• Problem details: All lines from the one containing "Candy Cane Chocolate Fudge" down to the one containing "TAO MOTOR New", both ends included, are to be given again exactly; omit the rest of the listing below.

• Extracted entries:
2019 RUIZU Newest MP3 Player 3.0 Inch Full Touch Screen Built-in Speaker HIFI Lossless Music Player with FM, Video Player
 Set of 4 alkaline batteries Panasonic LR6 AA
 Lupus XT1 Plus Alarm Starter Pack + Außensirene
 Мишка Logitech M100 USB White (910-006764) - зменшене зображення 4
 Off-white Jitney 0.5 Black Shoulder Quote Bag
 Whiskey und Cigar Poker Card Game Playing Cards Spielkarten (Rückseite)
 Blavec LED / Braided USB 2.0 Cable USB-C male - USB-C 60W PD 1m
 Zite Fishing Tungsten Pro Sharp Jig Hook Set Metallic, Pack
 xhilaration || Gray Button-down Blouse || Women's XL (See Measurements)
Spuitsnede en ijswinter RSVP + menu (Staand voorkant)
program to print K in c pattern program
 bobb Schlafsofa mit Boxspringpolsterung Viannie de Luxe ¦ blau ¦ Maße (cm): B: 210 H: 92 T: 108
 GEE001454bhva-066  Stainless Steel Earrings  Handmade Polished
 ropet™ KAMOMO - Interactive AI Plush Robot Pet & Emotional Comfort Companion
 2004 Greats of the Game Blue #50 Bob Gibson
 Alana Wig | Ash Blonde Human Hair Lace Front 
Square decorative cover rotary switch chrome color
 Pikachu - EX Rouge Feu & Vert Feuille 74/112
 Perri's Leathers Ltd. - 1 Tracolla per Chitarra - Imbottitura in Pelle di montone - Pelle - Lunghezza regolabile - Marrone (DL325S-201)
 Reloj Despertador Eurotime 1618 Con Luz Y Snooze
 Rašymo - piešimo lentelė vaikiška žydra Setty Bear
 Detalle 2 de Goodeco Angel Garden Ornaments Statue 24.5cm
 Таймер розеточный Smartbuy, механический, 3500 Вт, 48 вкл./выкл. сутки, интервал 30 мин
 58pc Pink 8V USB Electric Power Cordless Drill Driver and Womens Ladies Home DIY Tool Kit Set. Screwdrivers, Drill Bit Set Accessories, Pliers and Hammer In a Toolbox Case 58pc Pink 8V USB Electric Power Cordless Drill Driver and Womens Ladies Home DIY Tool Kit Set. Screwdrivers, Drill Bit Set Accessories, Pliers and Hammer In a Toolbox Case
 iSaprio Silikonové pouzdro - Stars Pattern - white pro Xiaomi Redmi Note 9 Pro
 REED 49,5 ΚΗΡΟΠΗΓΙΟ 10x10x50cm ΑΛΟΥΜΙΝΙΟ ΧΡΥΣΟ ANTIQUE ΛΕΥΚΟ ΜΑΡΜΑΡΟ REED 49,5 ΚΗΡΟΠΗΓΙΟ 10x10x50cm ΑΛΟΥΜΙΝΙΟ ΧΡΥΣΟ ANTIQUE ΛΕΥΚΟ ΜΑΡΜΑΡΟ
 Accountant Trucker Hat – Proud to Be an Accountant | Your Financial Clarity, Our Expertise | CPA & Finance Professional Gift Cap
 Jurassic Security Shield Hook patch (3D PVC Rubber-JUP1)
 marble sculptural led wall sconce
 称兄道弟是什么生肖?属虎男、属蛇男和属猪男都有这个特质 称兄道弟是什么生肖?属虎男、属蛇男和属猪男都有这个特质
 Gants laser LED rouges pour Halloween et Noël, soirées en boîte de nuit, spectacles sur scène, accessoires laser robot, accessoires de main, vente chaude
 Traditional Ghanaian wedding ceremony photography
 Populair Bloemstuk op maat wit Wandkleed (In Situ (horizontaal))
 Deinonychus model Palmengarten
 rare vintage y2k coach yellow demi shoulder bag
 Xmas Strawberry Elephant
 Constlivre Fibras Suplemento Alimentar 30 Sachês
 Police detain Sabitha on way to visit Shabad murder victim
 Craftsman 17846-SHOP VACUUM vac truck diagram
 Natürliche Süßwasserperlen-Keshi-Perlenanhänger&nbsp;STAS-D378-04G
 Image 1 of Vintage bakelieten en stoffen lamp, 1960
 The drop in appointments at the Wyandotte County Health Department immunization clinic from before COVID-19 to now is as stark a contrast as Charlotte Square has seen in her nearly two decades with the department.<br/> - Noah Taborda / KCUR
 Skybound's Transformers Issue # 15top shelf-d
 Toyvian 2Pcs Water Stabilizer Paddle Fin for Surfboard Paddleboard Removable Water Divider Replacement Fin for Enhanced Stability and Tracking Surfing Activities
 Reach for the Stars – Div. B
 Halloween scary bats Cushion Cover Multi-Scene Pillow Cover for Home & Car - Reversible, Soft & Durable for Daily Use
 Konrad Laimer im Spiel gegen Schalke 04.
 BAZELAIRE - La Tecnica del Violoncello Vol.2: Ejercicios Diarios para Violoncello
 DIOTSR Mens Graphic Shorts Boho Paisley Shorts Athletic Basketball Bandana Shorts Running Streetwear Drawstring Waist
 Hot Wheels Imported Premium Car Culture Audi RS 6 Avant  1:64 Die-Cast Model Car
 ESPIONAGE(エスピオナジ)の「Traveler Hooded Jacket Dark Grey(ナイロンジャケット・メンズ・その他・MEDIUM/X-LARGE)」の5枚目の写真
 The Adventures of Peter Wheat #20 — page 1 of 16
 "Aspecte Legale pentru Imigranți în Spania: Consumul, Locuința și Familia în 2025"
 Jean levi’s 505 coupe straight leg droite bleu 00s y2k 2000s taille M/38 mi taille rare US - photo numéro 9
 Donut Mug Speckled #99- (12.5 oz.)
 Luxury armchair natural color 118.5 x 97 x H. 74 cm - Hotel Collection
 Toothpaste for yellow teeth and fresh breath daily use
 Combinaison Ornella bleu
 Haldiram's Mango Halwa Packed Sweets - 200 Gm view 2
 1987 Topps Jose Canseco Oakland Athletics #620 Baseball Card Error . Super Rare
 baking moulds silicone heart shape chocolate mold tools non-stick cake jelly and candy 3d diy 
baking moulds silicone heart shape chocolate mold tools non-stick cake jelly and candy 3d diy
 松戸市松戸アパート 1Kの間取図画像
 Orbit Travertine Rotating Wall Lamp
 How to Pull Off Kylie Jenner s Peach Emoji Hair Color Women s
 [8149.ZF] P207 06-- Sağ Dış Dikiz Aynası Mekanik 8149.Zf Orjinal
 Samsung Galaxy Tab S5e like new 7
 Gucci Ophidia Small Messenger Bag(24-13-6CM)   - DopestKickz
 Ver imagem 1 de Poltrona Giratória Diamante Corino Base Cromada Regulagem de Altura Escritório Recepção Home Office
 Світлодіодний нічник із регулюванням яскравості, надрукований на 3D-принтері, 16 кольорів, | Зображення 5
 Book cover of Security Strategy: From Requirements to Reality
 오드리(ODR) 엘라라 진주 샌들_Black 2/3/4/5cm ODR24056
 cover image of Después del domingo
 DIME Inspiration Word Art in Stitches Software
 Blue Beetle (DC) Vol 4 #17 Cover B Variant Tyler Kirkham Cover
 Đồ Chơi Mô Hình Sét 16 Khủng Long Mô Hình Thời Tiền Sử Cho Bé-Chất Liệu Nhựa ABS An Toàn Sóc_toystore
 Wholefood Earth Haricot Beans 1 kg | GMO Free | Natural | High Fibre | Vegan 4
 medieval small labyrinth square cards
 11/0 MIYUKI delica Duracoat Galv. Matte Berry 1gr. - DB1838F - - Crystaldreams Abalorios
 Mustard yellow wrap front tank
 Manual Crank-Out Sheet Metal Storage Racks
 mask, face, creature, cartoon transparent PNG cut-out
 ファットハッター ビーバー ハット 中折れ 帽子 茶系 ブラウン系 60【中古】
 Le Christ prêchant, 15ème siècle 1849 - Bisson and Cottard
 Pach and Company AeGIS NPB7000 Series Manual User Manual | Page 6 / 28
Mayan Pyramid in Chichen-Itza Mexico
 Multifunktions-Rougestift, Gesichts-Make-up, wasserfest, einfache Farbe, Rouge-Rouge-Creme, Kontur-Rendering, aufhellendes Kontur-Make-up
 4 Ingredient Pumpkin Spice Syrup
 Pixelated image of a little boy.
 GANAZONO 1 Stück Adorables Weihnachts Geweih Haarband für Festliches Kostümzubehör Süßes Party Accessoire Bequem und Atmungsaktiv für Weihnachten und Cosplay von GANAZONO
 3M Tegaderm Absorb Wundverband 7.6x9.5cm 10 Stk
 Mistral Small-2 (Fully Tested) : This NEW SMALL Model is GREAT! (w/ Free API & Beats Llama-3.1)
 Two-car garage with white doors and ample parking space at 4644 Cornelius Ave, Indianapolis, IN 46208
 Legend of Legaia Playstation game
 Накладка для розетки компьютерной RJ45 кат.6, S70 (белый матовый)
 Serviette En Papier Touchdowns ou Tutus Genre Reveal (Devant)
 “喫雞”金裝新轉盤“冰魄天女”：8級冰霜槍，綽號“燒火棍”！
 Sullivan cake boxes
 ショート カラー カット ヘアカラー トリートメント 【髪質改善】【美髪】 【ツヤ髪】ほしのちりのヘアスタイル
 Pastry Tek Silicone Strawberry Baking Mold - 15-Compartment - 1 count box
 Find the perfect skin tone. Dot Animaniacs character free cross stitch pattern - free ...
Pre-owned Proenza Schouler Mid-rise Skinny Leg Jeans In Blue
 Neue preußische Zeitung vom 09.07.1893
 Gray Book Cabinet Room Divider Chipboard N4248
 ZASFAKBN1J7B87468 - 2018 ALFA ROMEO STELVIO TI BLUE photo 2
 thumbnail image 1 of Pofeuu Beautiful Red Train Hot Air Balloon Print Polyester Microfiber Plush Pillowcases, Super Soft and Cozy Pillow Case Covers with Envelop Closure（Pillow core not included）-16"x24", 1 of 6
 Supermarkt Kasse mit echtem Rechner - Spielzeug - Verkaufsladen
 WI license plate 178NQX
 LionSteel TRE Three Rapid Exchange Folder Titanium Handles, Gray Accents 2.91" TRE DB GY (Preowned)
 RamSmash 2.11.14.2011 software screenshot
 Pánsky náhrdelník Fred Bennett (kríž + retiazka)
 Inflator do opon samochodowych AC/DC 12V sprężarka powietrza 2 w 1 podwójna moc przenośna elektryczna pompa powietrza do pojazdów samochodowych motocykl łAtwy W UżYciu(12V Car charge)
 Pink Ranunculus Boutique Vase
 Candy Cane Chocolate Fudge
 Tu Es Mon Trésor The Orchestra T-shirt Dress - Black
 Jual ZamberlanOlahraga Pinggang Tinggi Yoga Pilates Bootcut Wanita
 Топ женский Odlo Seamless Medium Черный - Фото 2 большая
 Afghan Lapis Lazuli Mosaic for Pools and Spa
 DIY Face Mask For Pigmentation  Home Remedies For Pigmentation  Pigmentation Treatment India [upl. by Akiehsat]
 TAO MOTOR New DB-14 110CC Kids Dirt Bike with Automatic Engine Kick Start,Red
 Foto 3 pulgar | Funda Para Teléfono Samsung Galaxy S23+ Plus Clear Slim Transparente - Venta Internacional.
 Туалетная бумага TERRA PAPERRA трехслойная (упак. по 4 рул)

• Response to this exercise:
 Candy Cane Chocolate Fudge
 Tu Es Mon Trésor The Orchestra T-shirt Dress - Black
 Jual ZamberlanOlahraga Pinggang Tinggi Yoga Pilates Bootcut Wanita
 Топ женский Odlo Seamless Medium Черный - Фото 2 большая
 Afghan Lapis Lazuli Mosaic for Pools and Spa
 DIY Face Mask For Pigmentation  Home Remedies For Pigmentation  Pigmentation Treatment India [upl. by Akiehsat]
 TAO MOTOR New DB-14 110CC Kids Dirt Bike with Automatic Engine Kick Start,Red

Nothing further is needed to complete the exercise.